An additional benefit of the partition solution is that each party is required to share the costs, including attorneys’ fees of the parties which were rendered and of benefit to the partition, in proportion to each party’s interest. Fla. Stat. § 64.081. Services “of benefit to the partition” includes prior actions to establish or protect title to the property. Diaz v. Security Union Title Ins. Co., 639 So. 2d 1004 (Fla. 3d DCA 1994). Attorneys’ fees are also paid in proportion to each party’s interest. As such, if there are ten parties with an equal one-tenth interest, then each party is liable for one-tenth of the attorneys’ fees awarded, even if only one party hired an attorney. See Id.

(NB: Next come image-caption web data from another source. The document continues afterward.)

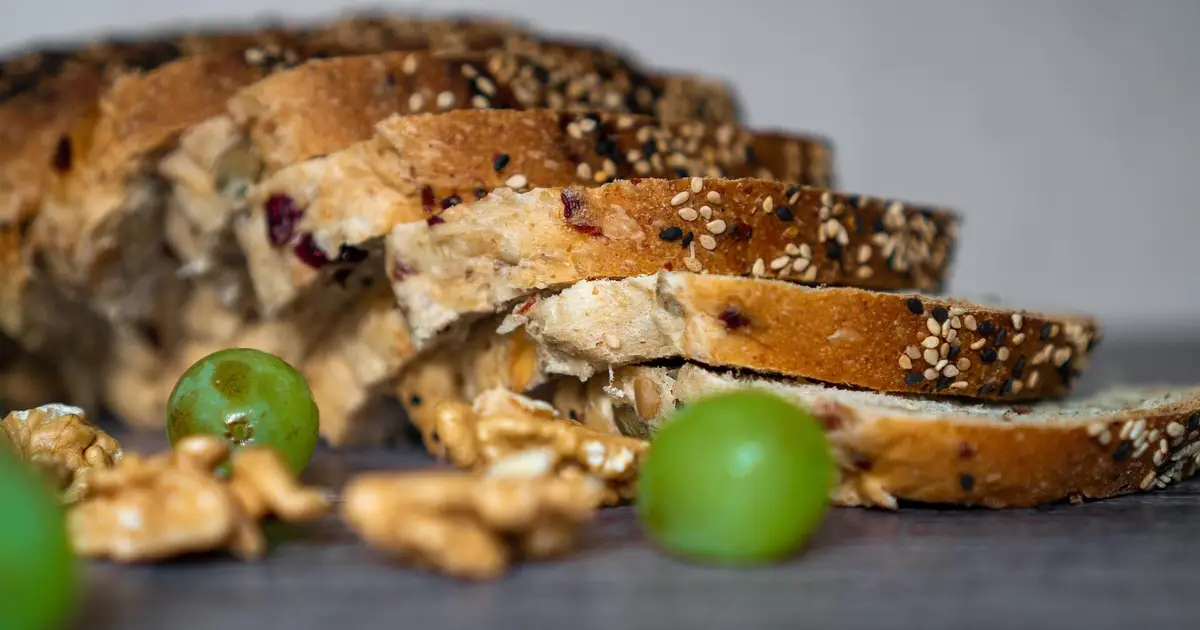Four to six servings of whole grain per day lower risk factors for heart disease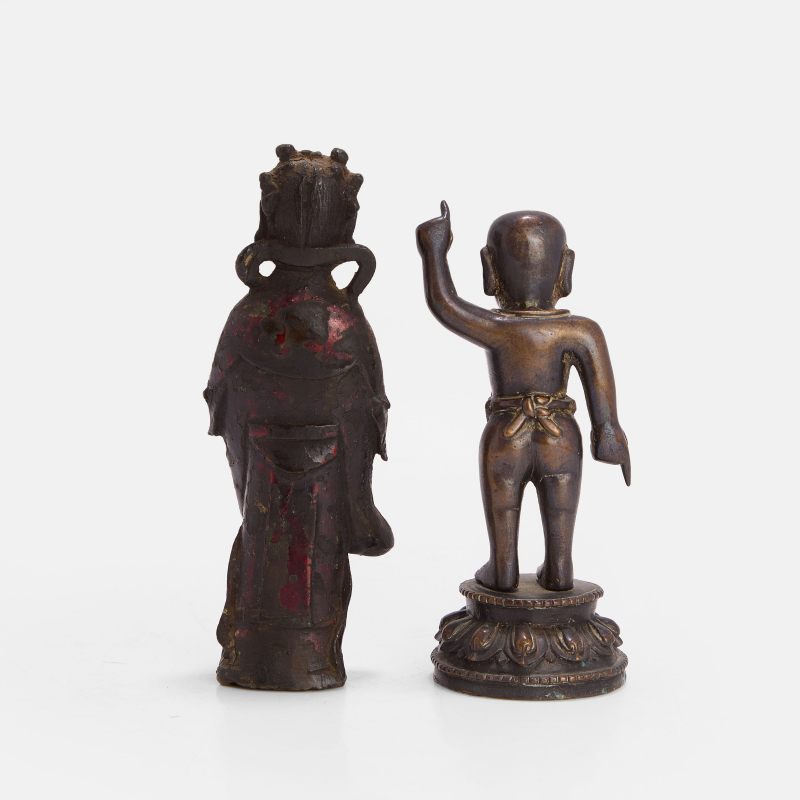 明晚期 铜诞生佛立像 及 龙女立像 | Two Chinese bronze figures late Ming dynasty, comprising:
an infant Buddha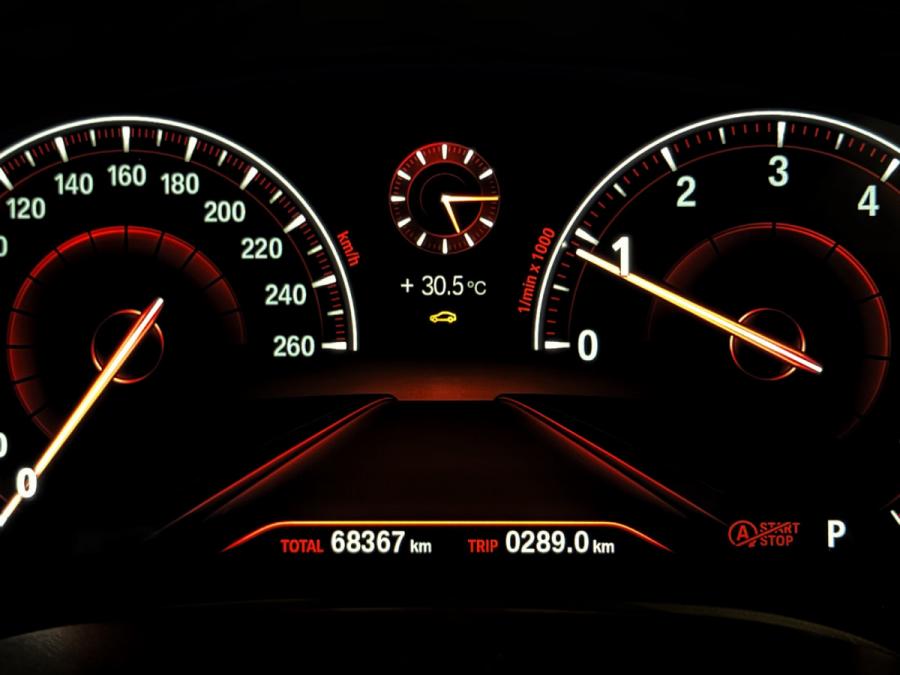 520iA M SPORT - Image 4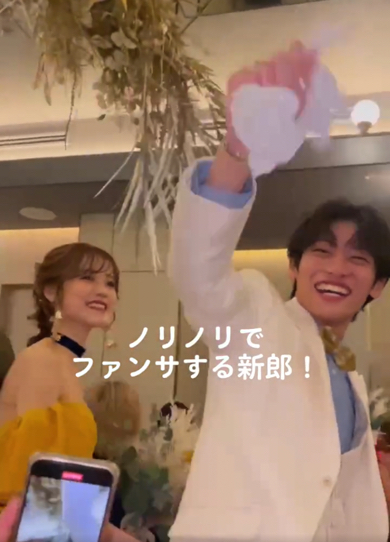 アイドルになりたかった新郎の夢を結婚式で叶えたサプライズ動画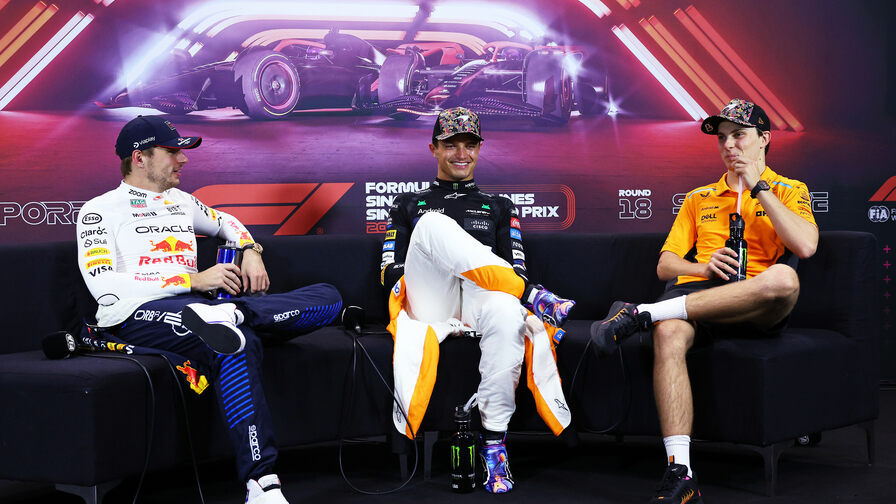 «Борьба обещает быть захватывающей». Хэмилтон – о финальном отрезке битвы за титул «Борьба обещает быть захватывающей». Хэмилтон – о финальном отрезке битвы за титул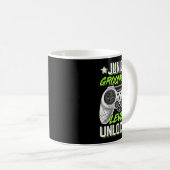 Gamer Junior Trauzeuge Level Unlock Video Gaming Kaffeetasse (VorderseiteRechts)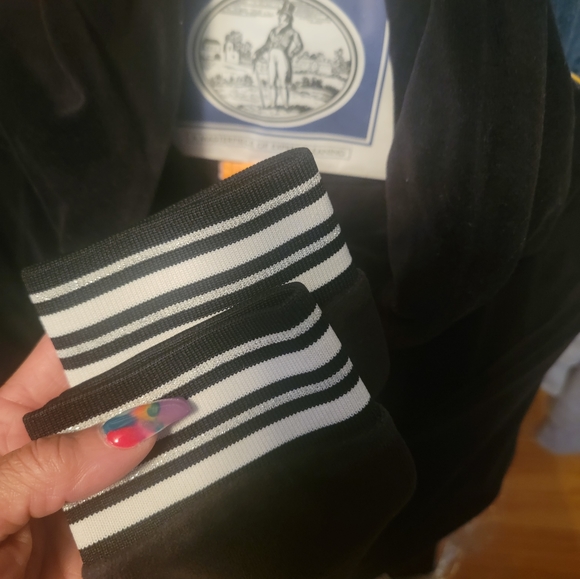 2pc Set $Final Markdown - Picture 6 of 10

Partition, however, is not without its potential problems. The goal of a partition action “is to avoid the problems arising from common possession of the property, not to recover possession of the individual moiety.” Diedricks v. Reinhardt, 466 So. 2d 375, 377 (Fla. 3d DCA 1985). As such, there is no guarantee that you will be able to acquire title to the mineral rights. If a judicial sale is order, the property will be sold to the highest bidder. The proceeds from the mineral rights sale are divided amongst the interest holders proportionate to their interest. As a simple example, if you own a 70% interest in the mineral rights and purchase the mineral rights at public auction for $1,000, then your net payment is $300 because $700 would be returned to you as your proportionate interest in the sale proceeds.
The biggest obstacles with the partition solution are determining the who has an interest and serving all the necessary parties. A partition complaint must, inter alia, identify the names and places of residence of the every party with an interest in the property to the plaintiff’s best knowledge and belief, and it must provide the quantity held by each party. Fla. Stat. § 64.041. Since many of the mineral rights reservations in Florida stem from transactions in the 1940s and 1950s, it may be time consuming and costly to determine who has an interest and the amount of that interest. Once all the parties and interests are identified, they must be located and served. In many cases, determining the parties and their interest along with service will represent the vast majority of the attorneys’ fees and costs.
Due to the trend of reserving mineral rights during the 1940s and 1950s, there are numerous properties across Florida to which the surface fee estate is subordinate to a perpetual easement held by the mineral estate. As the population continues to grow, the demand to extinguish these rights will increase as the properties subject to them were frequently rural tracts which are now being developed. To extinguish mineral rights, practioners have different options available to them. Which option is best will depend on the facts specific to each case. In most cases, the best option will be to pursue partitioning the mineral estate. At a partition sale, the surface fee titleholder can purchase the mineral estate, thus uniting ownership of the surface estate and the mineral estate thereby extinguishing the perpetual easement.